Pages

June 3, 2012

One Hot Frittata!

I had a friend over for brunch yesterday. She herself could be Paula Deen's progeny, so I wanted to cook something semi-challenging to impress her. Well, I found out that the old adage still rings true, folks. Pride does go before a fall.

My initial thought was to make, via youtube instruction, The Perfect Omelette. What I created turned into more of a frittata, complete with sauteed mushrooms, a blend of cheeses, and fresh tomatoes. The end result was beautiful...for the food. You see, the cooking process was humming along wonderfully until I decided to transfer the first frittata from skillet to plate. I was deliberate in my sliding on of the oven mitt to retrieve the skillet from the broiling oven. The rotund gentleman with a New Jersey lilt had reminded me of that on the video. When he warned about putting on your mitt, I scoffed.
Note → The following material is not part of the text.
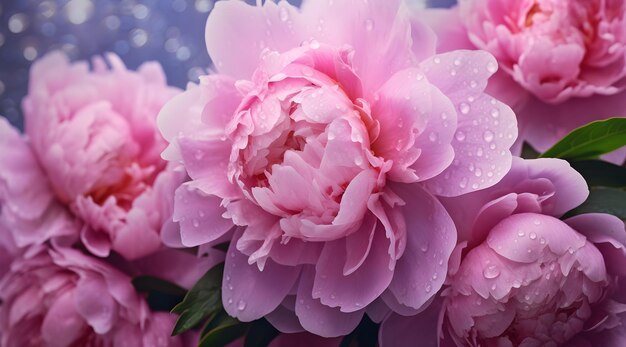 flower peonies background summer bright summer fresh flowers with dew drops in blur fog flower backg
Who would be idiotic enough to grab something out of a hot oven barehanded? So I sheathed my hand, pulled the lovely concoction out of the oven, placed it on the stove, and removed the mitt to busy myself with something else on the counter. When I returned to the stove to transfer the frittata to a plate, did I reinstate the mitt? Of course not. I seized the handle of the one-minute-out-of-the-broiler skillet with my gosh darn bare hand. HOLY RICE AND BEANS.
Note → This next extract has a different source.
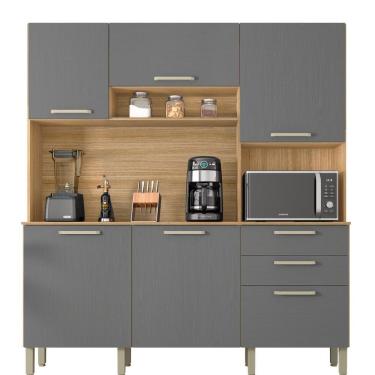 Imagem de Armário De Cozinha Kit 6 Portas Ferrara Kits Paraná Freijó Gris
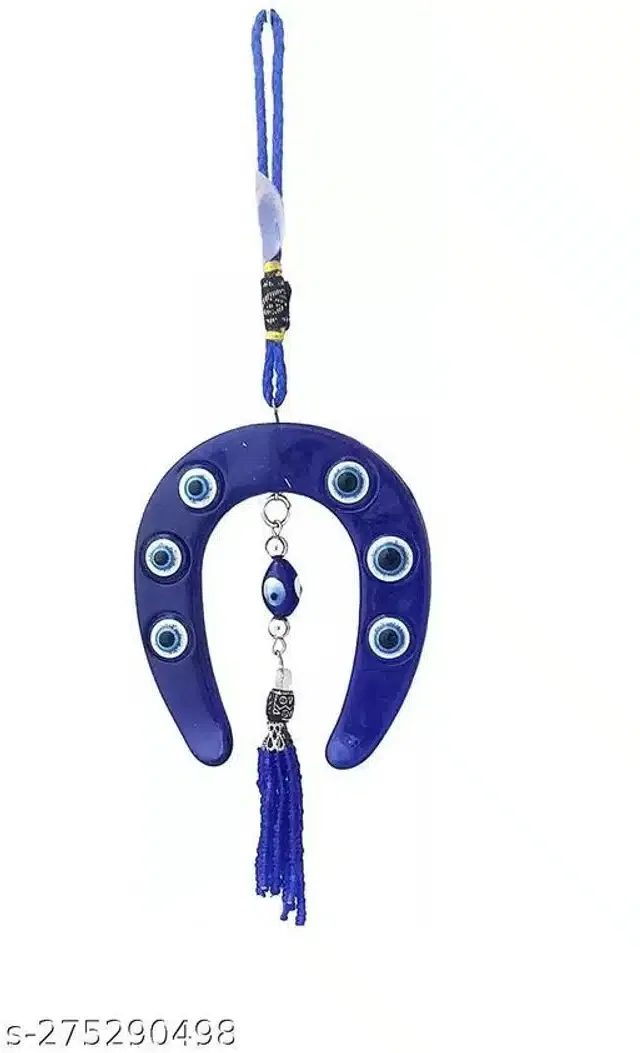 Horseshoe Evil Eyes Wall Hanging (Blue)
Needless to say my friend, who arrived a few moments later, had to help me finish cooking our brunch as I nursed my scalding hand on an ice pack. Thank goodness my husband keeps a stock of those in our freezer. Almost three hours and three ice packs later, my hand started to feel somewhat normal again. It officially stopped screaming at my nervous system by mid-afternoon. All that remains a day later and an oven mitt wiser are a few deep purple, mushy bruises that I'm praying won't blister. Mr. Home Video Chef Man, I think I owe you an apology.